Its first full-year operating loss in 14 years is a scorcher: Sony on Thursday set up a last-minute analyst-and-press call to announce a 2009 forecast predicting 260 billion yen (about $2.93 billion) in operating losses.
Sir Howard Stringer, Sony's chairman and CEO, was blunt throughout the call -- impressively so considering Sony corporate culture. "We simply have no alternate but to dramatically change the fundamental ways we view our business and the ways we create, manufacture and distribute our products," he said. Lateness to market in particular "will no longer be tolerated," and networked products will be embraced with fervor -- with new emphasis on what consumers want and a de-emphasis on tech advances for the sake of tech advance. And: "Simply put, we will execute more quickly and move beyond our tradition impulse toward consensus."

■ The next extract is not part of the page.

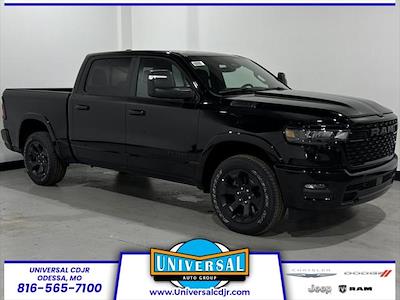 New 2025 Ram 1500 Big Horn Crew Cab 4x4 Pickup for sale #N1012 - photo 1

The company has revised its sales and operating revenue forecast down to $86.7 billion, down from October's $101.4 billion estimate. The $2.93-billion operating loss compares year-over-year to a profit of $5.4 billion. Net income year over year is predicted to be a $1.69 billion loss, compared to $4.16 billion in profit during 3Q '07-'08. (Numbers are calculated on today's exchange rate of US$1 = 88.77 JPY.).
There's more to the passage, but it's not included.